Showing up when you don't feel like it. When you can only manage half of what you planned. When you have to get creative with sugar bags and living room workouts. When life is messy and hard and nothing goes according to plan.

Because that's when you build the skill that actually matters: the ability to adapt, persist, and keep going despite imperfect circumstances.

And once you have that skill? The external changes—the weight loss, the strength gains, the improved health markers—become almost inevitable. Not because you're perfect, but because you're consistent. Not because you never fail, but because you've learned to fail forward.

Your Turn to Show Up Ugly

So here's my challenge for you: Stop waiting for perfect circumstances. Stop waiting until you have the right equipment, the perfect schedule, the ideal motivation levels.

Start where you are. Use what you have. Do what you can.

Maybe that means walking around your block instead of driving to the gym you can't afford.

Maybe it means doing push-ups against your kitchen counter instead of waiting to figure out a full workout routine.

Maybe it means packing one healthy snack instead of overhauling your entire diet.

Maybe it means going to bed 15 minutes earlier instead of waiting to perfect your entire sleep routine.
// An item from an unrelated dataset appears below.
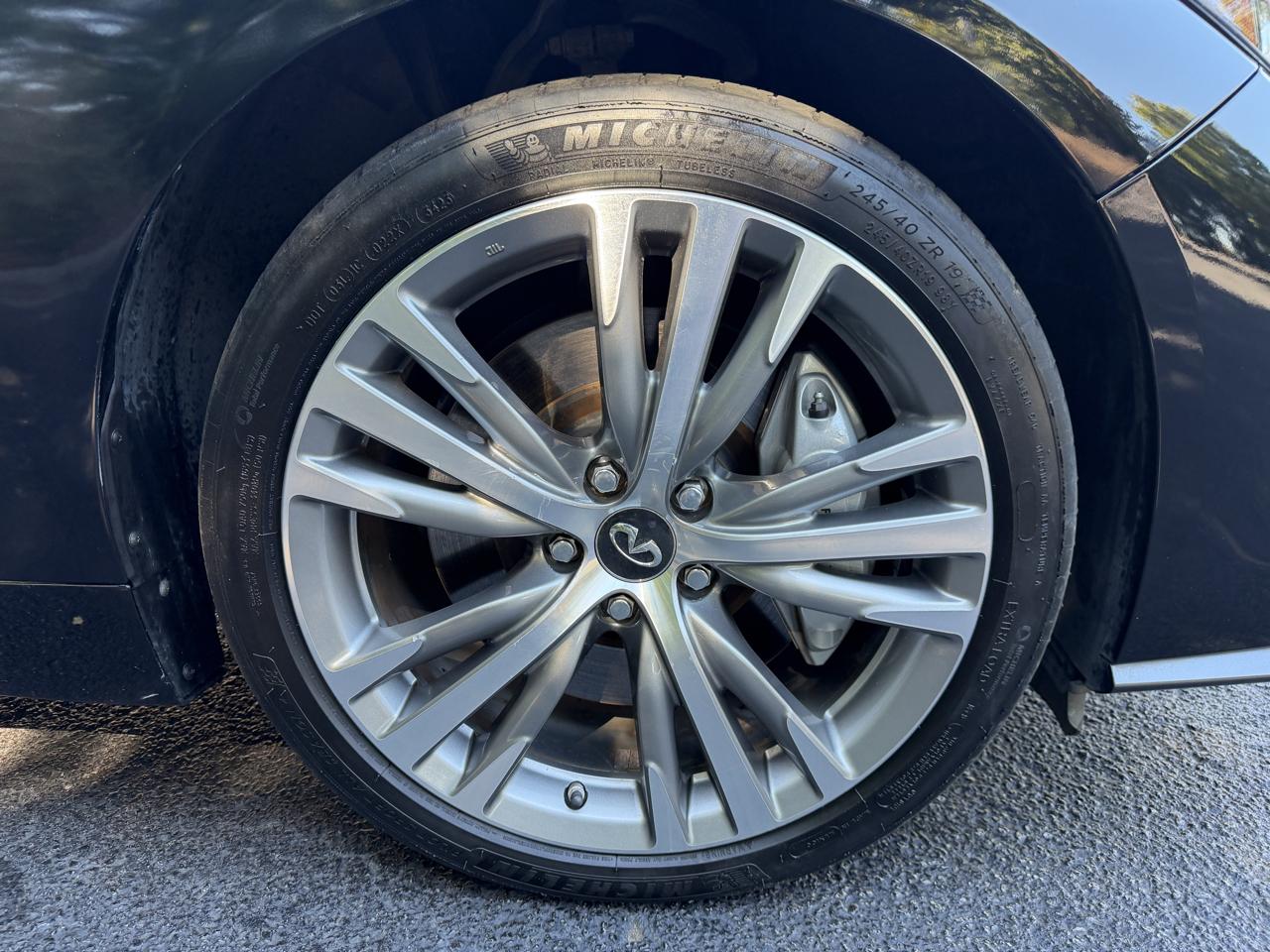 Infiniti Q50 3.0t Sport AWD 2018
Whatever it is, make it small enough that you can't fail. Make it weird enough that it fits your actual life. Make it imperfect enough that you can start today.

Because the people in these stories didn't transform their lives with grand gestures or perfect execution. They did it by showing up, again and again, in whatever way they could manage.

And if they can do it while grieving, in pain, during a pandemic, while their businesses are failing and their worlds are turning upside down... what's possible for you?

The only way to find out is to start showing up. Ugly, imperfect, and exactly as you are.

Your future self will thank you for beginning before you were ready.